HuggingFace Drops ScarfBench: 50 Tasks, 3 Frameworks
HuggingFace just released ScarfBench, a benchmark designed to evaluate AI agents on enterprise Java framework migrations. It covers three common migration paths: Struts to Spring Boot, EJBs to MicroProfile, and JSP to Thymeleaf. Each of the 50 tasks is a realistic, multi-step migration that involves refactoring code, updating configuration, and verifying behavior. The benchmark includes pre- and post-migration codebases, test suites, and human-validated expected outcomes. The idea is to test not just code generation but full workflow execution—something most existing benchmarks ignore. The agents can use any tools they want: LSP servers, grep, test runners. It's a sandboxed environment with a Docker container per task.
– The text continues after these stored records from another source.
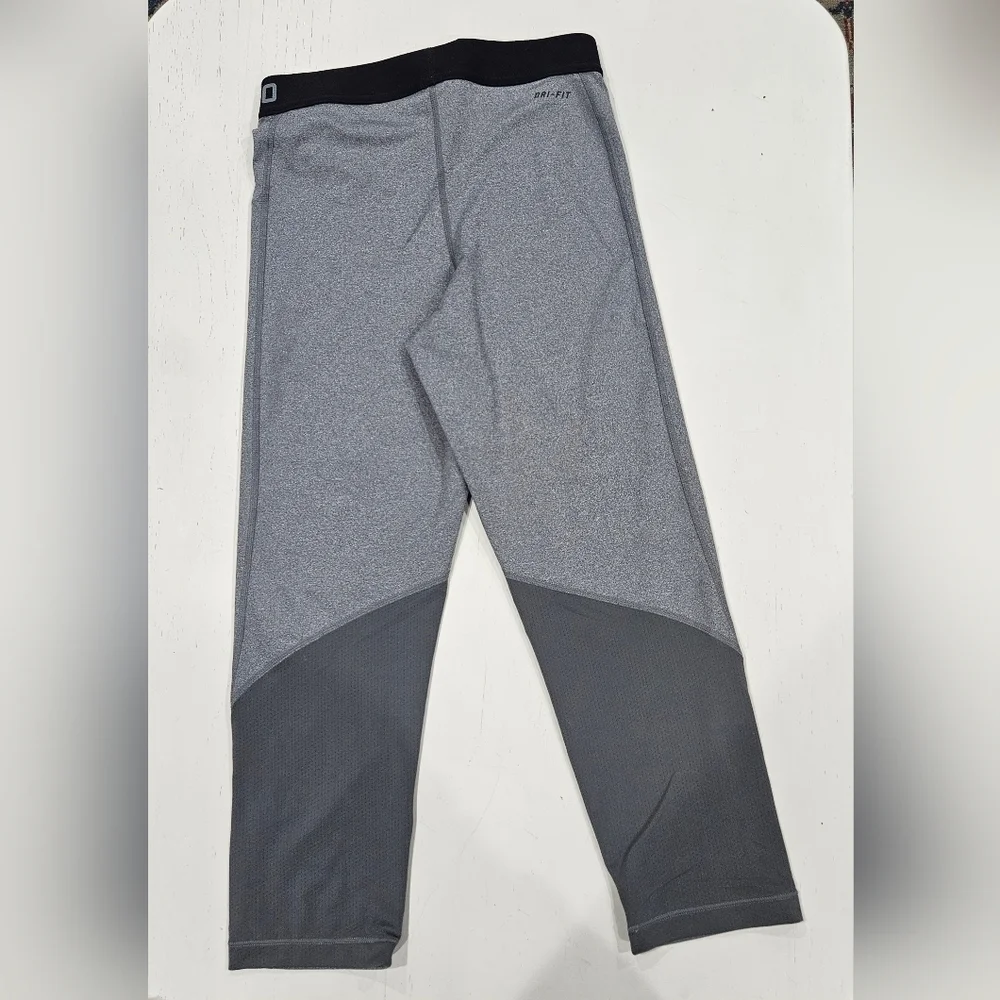 Nike PRO Women's Heather Gray Capris with Stretch Black Waistband. Size Medium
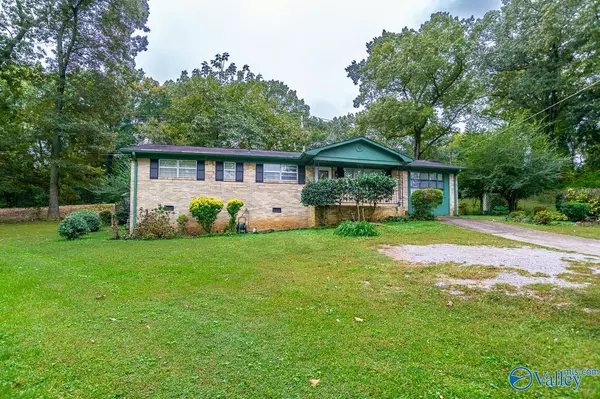 2901 Greenhill Drive NW, Huntsville, AL 35810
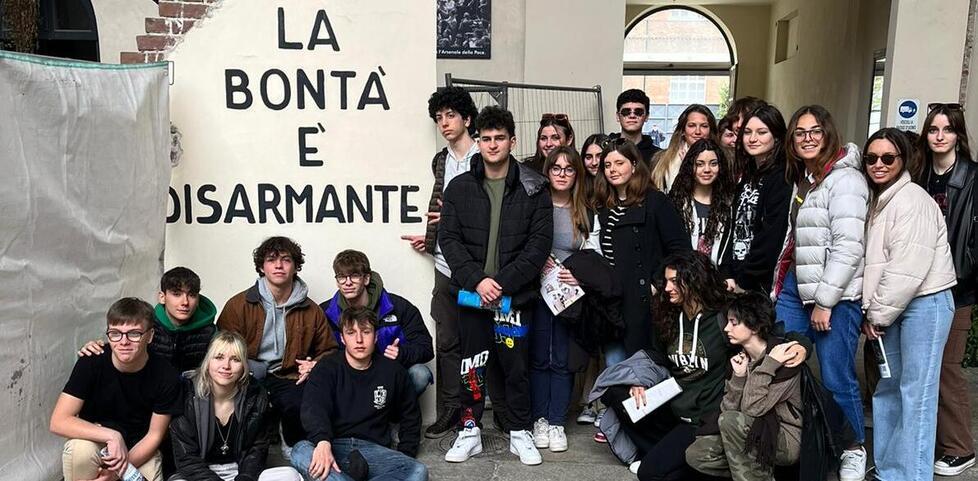 Un Arsenale di pace: il liceo Repetti di Carrara a Torino per un viaggio nella solidarietà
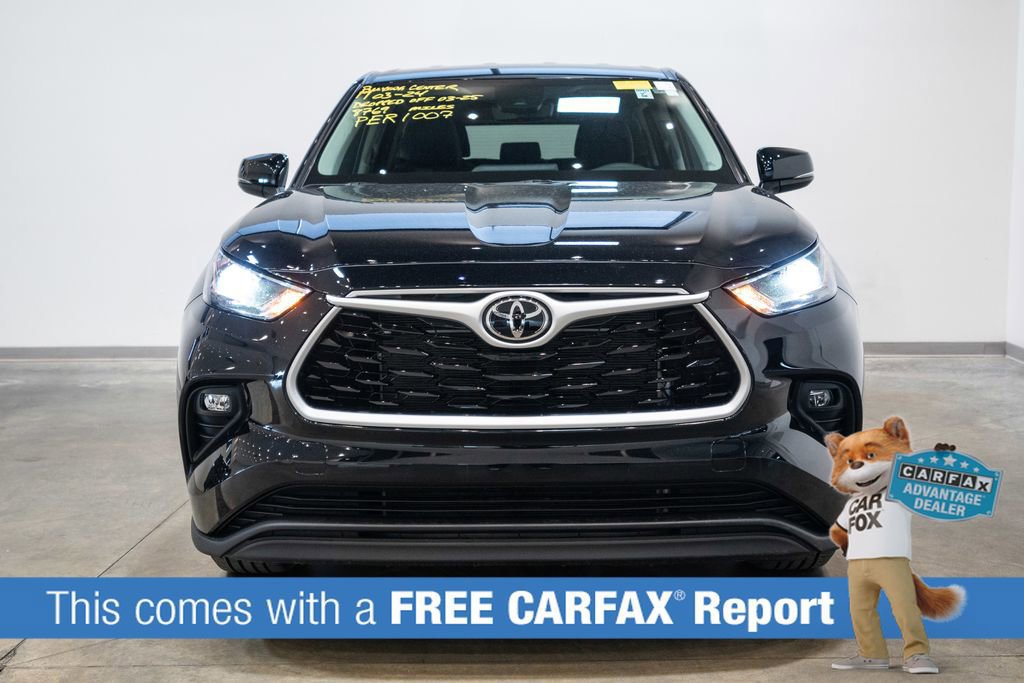 Certified 2025 Toyota Highlander LE image 2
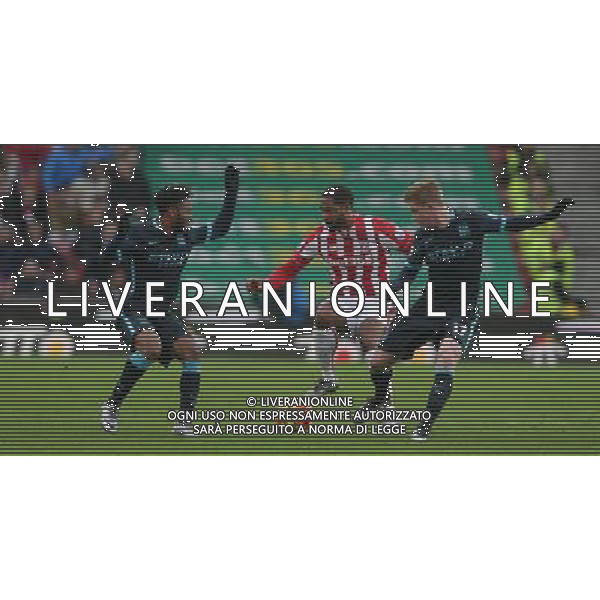 Stoke City\'s Glen Johnson battles with Manchester City\'s Kevin De Bruyne (right) and Raheem Sterling (left) Photographer Stephen White/CameraSport Football - Barclays Premiership - Stoke City v Manchester City - Saturday 5th December 2015 - Britannia Stadium - Stoke © CameraSport - 43 Linden Ave. Countesthorpe. Leicester. England. LE8 5PG - Tel: +44 (0) 116 277 4147 - admin@camerasport.com - www.camerasport.com AG ALDO LIVERANI SAS ONLY ITALY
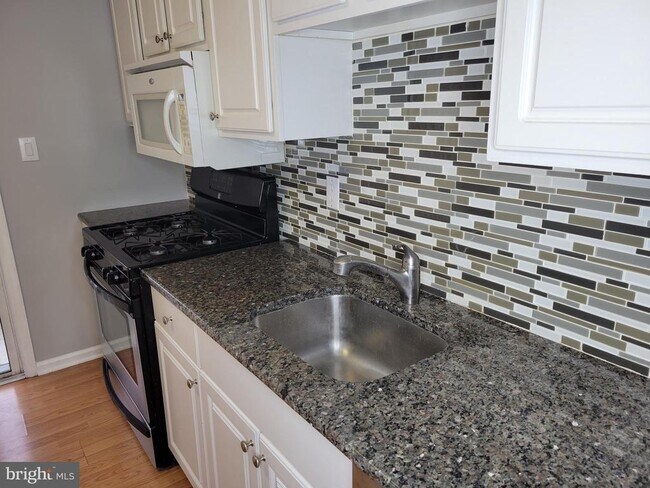 Building Photo - 2904 Saxony Dr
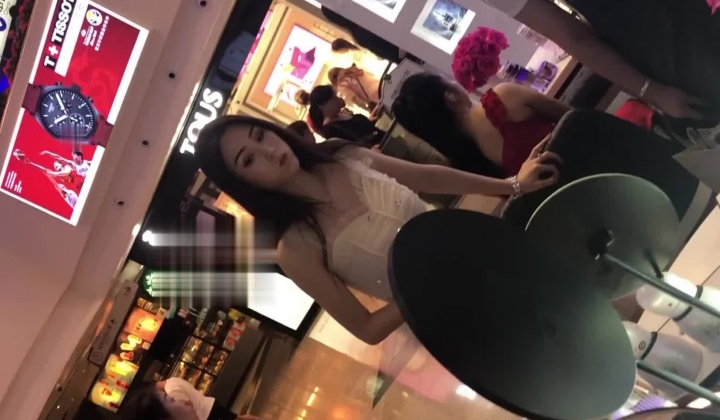 CD大师地铁超市贴身高清特写超多漂亮小姐姐的裙底春色亮点太多不穿内裤毛茸茸的鲍鱼T内情趣内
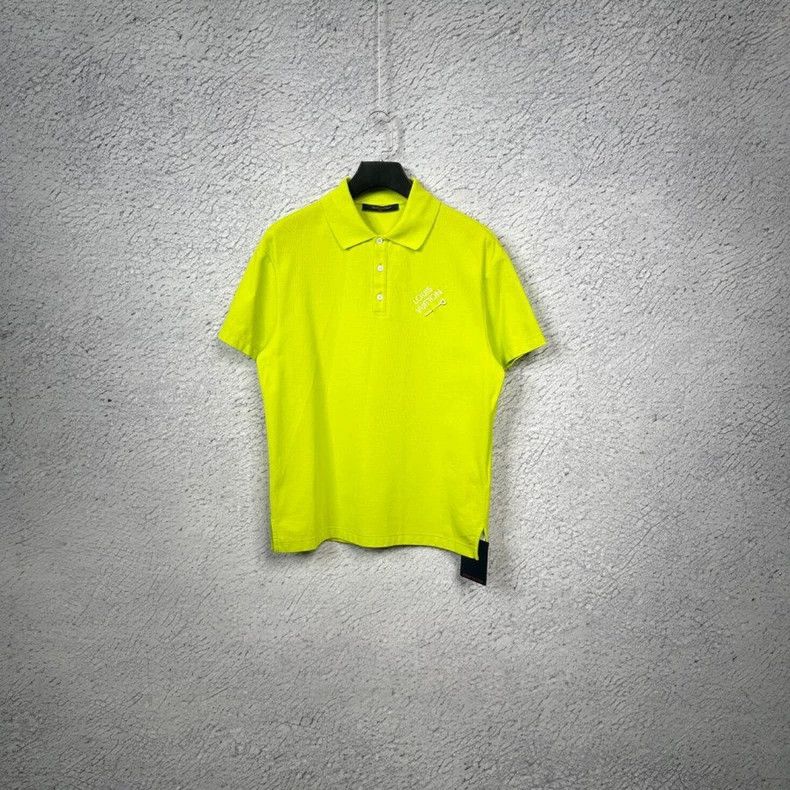Louis Vuitton Louis Vuitton FW23 New Fluorescent Green Letter Logo Embroi Size US XS / EU 42 / 0 - 1 Thumbnail
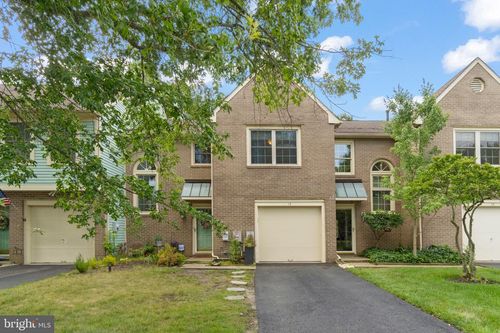 12 Dorset Dr, MEDFORD, NJ, 08055-3718 | Card Image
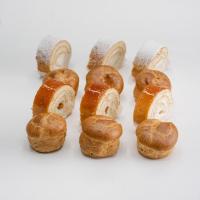 شیرینی رولت و نان خامه ای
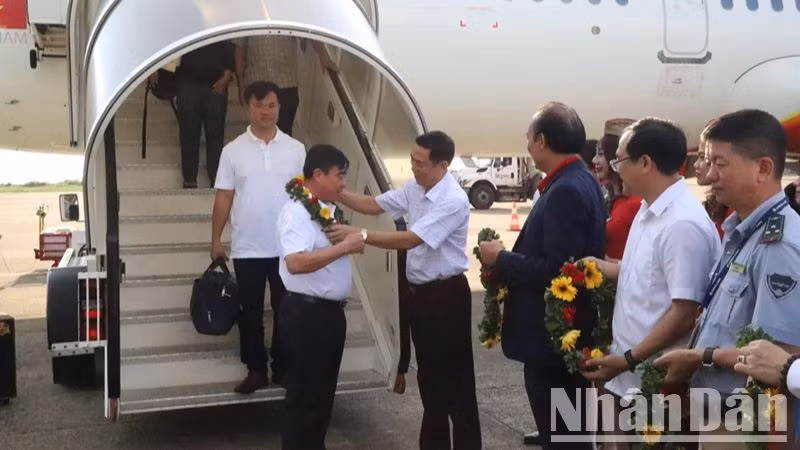 Lãnh đạo tỉnh Đắk Lắk, lãnh đạo hãng hàng không Vietjet và Cảng hàng không Buôn Ma Thuột chào đón những vị khách trong gần 1 triệu lượt khách sau 10 năm mở đường bay thành phố Buôn Ma Thuột - Vinh.
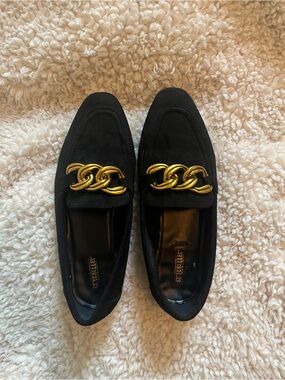 Seychelles Black Loafers with Gold Chain Accent Size 9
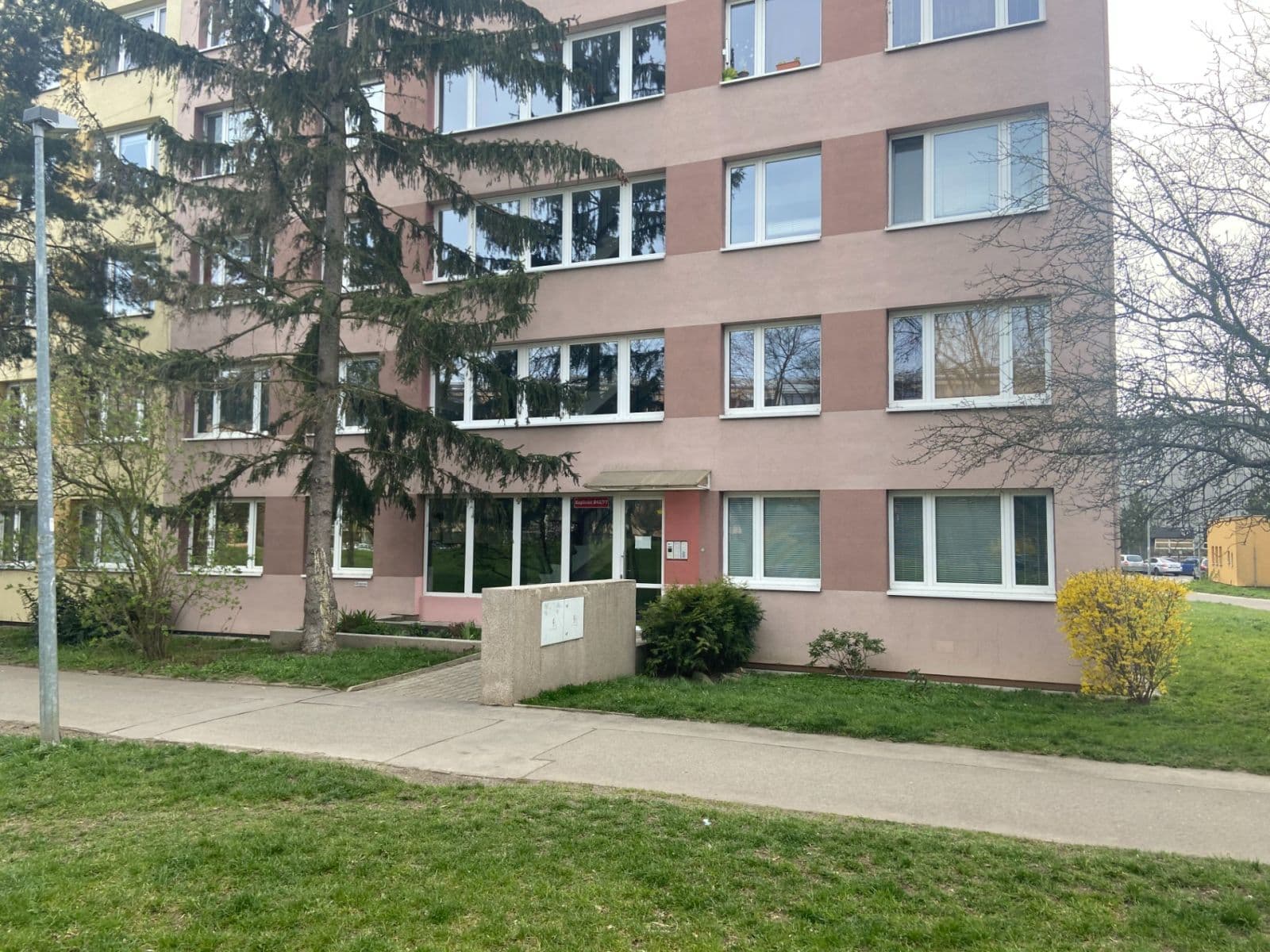 Prodej bytu 3+1 60 m², Kaplická, Praha, Praha Prodej bytu 3+1 60 m², Kaplická, Praha, Praha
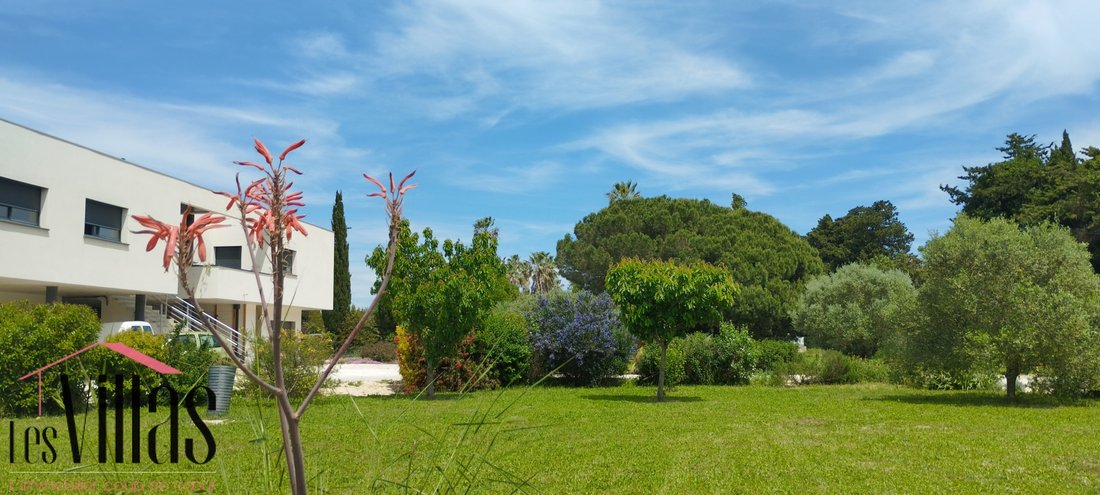 Villa in Les Remparts-Lunette, Perpignan, France 1 - 15663643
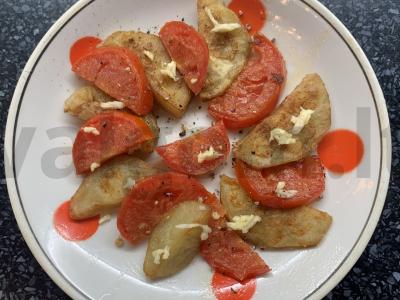 Kepti baklažanai su pomidorais ir česnaku pagrindine nuotrauka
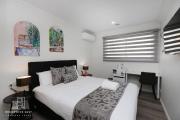 201 Chic Queen BR with Fast WiFi - Brunswick East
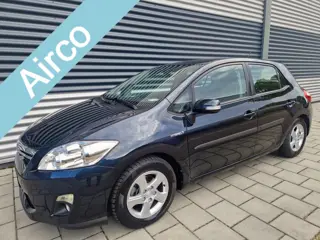 Toyota Auris 1.8 Full Hybrid Business, Trekhaak, Climatronic,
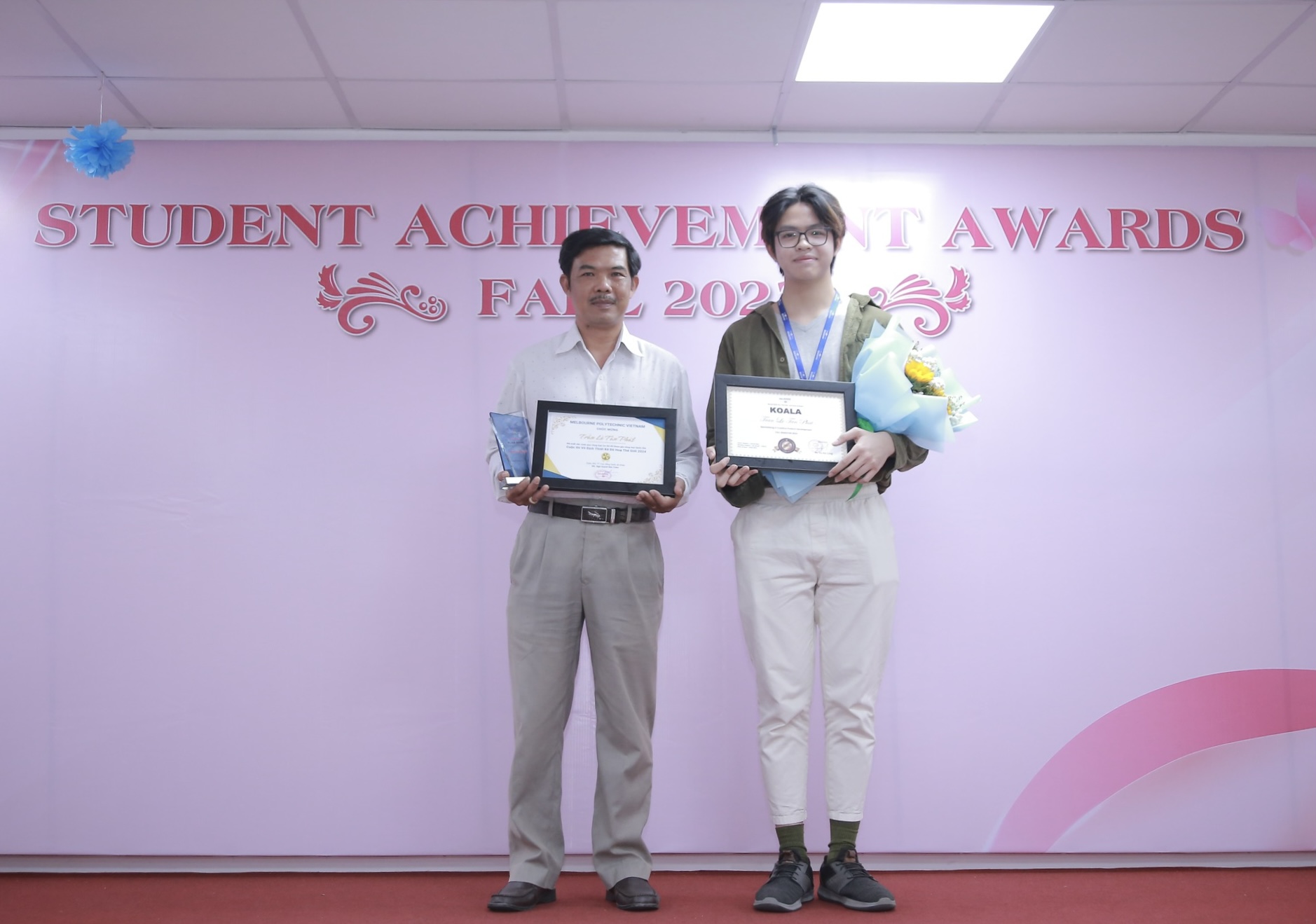 Trần Lê Tấn Phát đạt giải thưởng Koala tại Lễ tôn vinh học kỳ Fall 2023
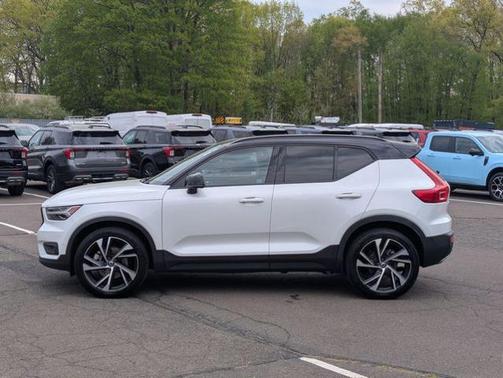 White 2019 Volvo XC40 T5 R-DESIGN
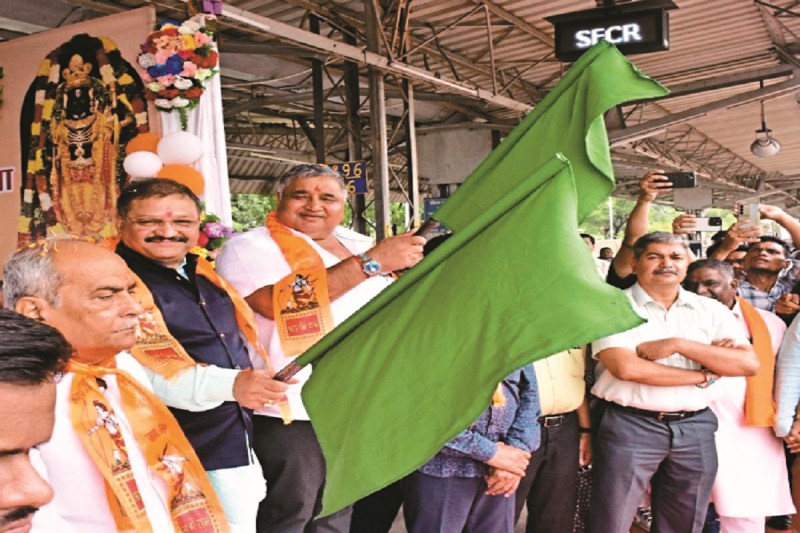 Ramlala Darshan: दुर्ग व बस्तर संभाग के 650 यात्री रामलला दर्शन के हुए रवाना, हरी झंडी दिखाकर विशेष ट्रेन रवाना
Why Java Migration Benchmarks Were Left Behind
Most AI coding benchmarks—like HumanEval or SWE-bench—focus on small, standalone problems: write a function, fix a bug. That's fine for measuring basic coding chops. But enterprise Java migrations are a different beast. They involve sprawling codebases, strict type systems, legacy patterns like JSP scriptlets or EJB entity beans, and dependency injection nuances. No benchmark has touched this space seriously. The closest is SWE-bench's repository-level issues, but those rarely span multiple files or require deep framework knowledge. Meanwhile, real enterprises spend millions of dollars and months of developer time migrating from Struts to something modern. Acroynms like Spring Boot have been around for over a decade, yet many banks and insurers are still on JSP. So the field needed this—a measure of whether agents can really handle the grimy, real-world work that makes developers cry.
What This Means for Enterprise AI Adoption
If agents can score well on ScarfBench, that's a green light for enterprises to start trusting AI on their messy monoliths. A 40% cost reduction in migration projects is plausible if you can automate 70% of the boilerplate. But here's the kicker: the benchmark reveals whether agents can actually *reason* about framework idioms, not just paste Stack Overflow snippets. For example, migrating a JSP custom tag to Thymeleaf dialect requires understanding both tag APIs and template engine semantics. That's a reasoning task, not a retrieval one. The big winners might be IDE vendors like JetBrains or IBM (via watsonx Code Assistant) who integrate agentic workflows directly into enterprise tooling. Of course, no agent has been reported to score above 60% accuracy yet. That's telling.
Open Questions: Generalization, Cheating, and Real Costs
ScarfBench tests exactly three migration paths. What about AngularJS to React? .NET to Java? The benchmark is a start, but it's narrow. Also, the sandbox environment might leak information—agents could memorize task patterns rather than learn migration principles. The creators claim they have a held-out 'evaluation set' of unseen tasks, but no details yet on how they prevent overfitting. Then there's the cost: running each agent on 50 tasks with Docker and network access could rack up hundreds of dollars. That prices out hobbyists and startups. HuggingFace says they'll release a smaller subset, but that undermines statistical reliability. Finally, what constitutes a 'pass'? Is it exact byte-for-byte match of the reference migration, or just passing the test suite? The paper leans toward test-passing plus structural similarity, but the threshold is fuzzy.